Mittwochs-Nachdenk-Input

Na, leidest du auch schon an FOMO? Nie gehört? Mit Sicherheit kennst du die Symptome. Du hast dann Sorgen, dass irgendwas auf dem Planeten geschieht, was du nicht mitbekommen hast. Dass dich irgendwer angeappt hat und du hast es verpasst. Dass du Infos auf deinem Display nicht wahrgenommen  hast, weil du geschlafen hast. FOMO heißt Fear of missing out. Du verpasst etwas, stell dir mal vor! Stell dir vor, das Jahrtausendereignis geschieht und du berichtest deinen Enkeln, dass du es verschlafen hast, einfach so, weil eben Nacht war auf deiner Seite des Planeten zum Beispiel.

Wir haben permanent Angst. Ziemlich wurscht, welche, auf alle Fälle Angst. Wir haben seltener Probleme mit einem Gutelaunevirus oder einer Kicherinfektion. Das würde uns nur outen als seltsame Käuze, die den Ernst der Lage noch nicht begriffen haben. Der wahre Held unserer Zeit ist ein Angstmensch, gebeutelt von der Sorge, dass er an einer schweren Krankheit leidet und niemand im Netz kann ihm die Symptome zeitnah deuten (nur, dass es sehr wahrscheinlich und hunderpro sogar verflixt schnell zum Tode führen kann). Wir haben Angst, dass es nach der Jahreswende keine Fernseher mehr zu kaufen gibt (oder gar Schuhe), keine überflüssigen Uhren und unbrauchbare Dinge aller Art.

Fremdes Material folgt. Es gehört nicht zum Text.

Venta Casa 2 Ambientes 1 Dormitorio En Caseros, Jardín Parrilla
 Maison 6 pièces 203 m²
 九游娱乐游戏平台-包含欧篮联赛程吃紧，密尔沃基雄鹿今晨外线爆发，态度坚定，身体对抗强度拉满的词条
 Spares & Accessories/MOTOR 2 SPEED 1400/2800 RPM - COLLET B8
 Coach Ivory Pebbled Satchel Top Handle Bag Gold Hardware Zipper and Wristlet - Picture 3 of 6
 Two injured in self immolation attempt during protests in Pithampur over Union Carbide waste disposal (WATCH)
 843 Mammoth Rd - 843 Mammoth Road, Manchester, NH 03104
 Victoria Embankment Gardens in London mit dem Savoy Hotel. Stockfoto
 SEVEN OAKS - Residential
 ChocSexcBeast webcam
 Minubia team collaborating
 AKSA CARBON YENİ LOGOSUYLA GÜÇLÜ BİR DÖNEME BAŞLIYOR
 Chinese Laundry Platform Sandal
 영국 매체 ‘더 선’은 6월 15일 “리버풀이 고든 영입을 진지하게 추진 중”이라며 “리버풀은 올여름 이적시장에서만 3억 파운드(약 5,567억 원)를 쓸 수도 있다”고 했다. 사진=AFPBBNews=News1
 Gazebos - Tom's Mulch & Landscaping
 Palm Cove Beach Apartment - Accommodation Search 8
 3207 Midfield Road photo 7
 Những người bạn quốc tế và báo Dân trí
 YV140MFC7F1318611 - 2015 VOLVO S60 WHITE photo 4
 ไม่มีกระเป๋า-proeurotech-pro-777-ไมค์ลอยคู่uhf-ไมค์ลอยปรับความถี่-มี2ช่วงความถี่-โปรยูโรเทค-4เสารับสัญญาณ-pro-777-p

Wir haben Angst, dass unseren Lieben etwas passiert, wenn wir nicht direkt via diverser technischer Schnickschnacker (früher hätte man die Dinger Wanzen genannt und in einem Atemzug mit unterdrückerischen Systemen gebraucht) sowohl den Hund als auch das Kind/den Mann/den Arbeitsplatz überwachen. Wir checken die Milchmenge im Kühlschrank, indem wir unser intelligentes Housesystem begragen und fahren sicherheitshalber eine Stunde vor Feierabend daheim Rollos runter und Heizung hoch. Wir vertrauen der Technik im Auto mehr als unseren Augen und verstehen die Welt nicht mehr, wenn wir im Outback landen (was in unseren Breitengraden meistens noch immer einem Rest von Zivilisation entspricht, zumindest werden wir rasch Zeugnisse von Lebewesen vorfinden in Form von Flaschen und anderem Müll). Ständig checken wir etwas. Per Fitnesstracker unseren unruhigen Puls und den krass schwankenden Blutdruck, prüfen, ob wir nachts tief genug schlafen (und wenn nicht? Pillen? Schlaftraining? Noch mehr Alkohol?). Per App den Rest der Welt. Leben am Bildschirm, die Tastatur ist unsere Tür zum Leben unserer Zeit.

Hoch leben die Iche dieser Tage, die an FOMO, MOPS (Managing other people’s shit) und anderen Syndromen leiden (und sehr sicher daran sterben, vermutlich sogar in sehr absehbarer Zeit, orakel, orakel * scherz *).

Mein Weihnachtswunsch 2018: Weniger Ich. Mehr Wir. Weniger Ego, mehr Miteinander. Weniger Angst. Mehr Lebensfreude. Weniger Bildschirm, mehr reale Grafik. Und weniger Fomo, Smog, MOPSsyndrom und anderen überflüssigen Quark auf dem Planeten. Sonnenblumen für alle.

Frohen Mittwoch allen, bleibt aufrecht! Oder, neudeutsch: einen Tag mit bewältigbarem Angstpotential.